Tuscaloosa News
February 3, 2003
Bush budget notes chemical incineration program "ineffective"
By JEFFREY McMURRAY
Associated Press Writer
WASHINGTON - A federal program to destroy chemical weapons at Anniston Army Depot and several other sites received a failing grade Monday in the budget President Bush submitted to Congress.
The "ineffective" mark for chemical demilitarization was one of few admissions of failure in the document, which typically boasts about popular spending projects while downplaying the lowlights and proposed cuts.
"The program has faced a number of challenges including schedule delays and cost overruns at several sites, thus challenging the (nation's) ability to meet treaty deadlines," according to the program's assessment tucked inside the budget outline.
The acknowledgment largely underscored the complaints lawmakers from Alabama and other incineration sites have been making for months about the program. Anniston's incinerator was built to destroy 2,254 tons of outdated chemical agents and munitions, and while construction is finished, state regulators haven't yet declared it safe enough for a trial burn. It was supposed to begin this month.
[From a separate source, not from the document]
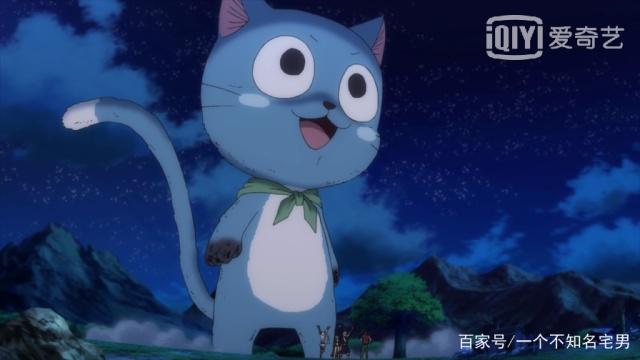 微醺挑战 微醺挑战看到“微醺挑战”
Sen. Richard Shelby, a Republican who last week fired off a letter threatening to withdraw his Senate support for the $1 billion project unless key safety concerns were answered, said the "ineffective" rating should have been obvious.
"The safe operation of the Anniston incineration facility is paramount," Shelby said.
Craig Williams, director of the watchdog Chemical Weapons Working Group, said major changes should be undertaken so Monday's budget scolding isn't just treated as a slap on the hand.
"They need to reevaluate the technology of choice at several of the sites where they're trying to proceed with a rather horrific track record, not only in technological ability but community protection," Williams said. "We can declare it ineffective for the next 10 years. That's not going to solve the problem. The question becomes what do we do about it."
The Army issued a statement Monday touting progress it has made this year at other incineration and neutralization sites in Utah, Colorado, Kentucky, Maryland and Indiana but leaving out any mention of Anniston. It also pledged the Army's commitment to "keeping the public safe" while still "reducing the stockpile."
Besides the criticism of the demilitarization program, Alabama military initiatives fared relatively well under Bush's request for the budget year beginning in October. Military construction money would jump from $22 million this year to $34 million, almost half of which would go to National Guard units. In addition, Maxwell Air Force Base would receive $13.4 million.
Missile defense, which has a huge presence in Huntsville, would
get $7.7 billion, a billion-dollar hike. A projection for 2005
would raise the sum another $1 billion. Another Huntsville project,
the Longbow Hellfire missile system, would receive only $43 million
and no new construction after this year's order of 1,797 new missiles.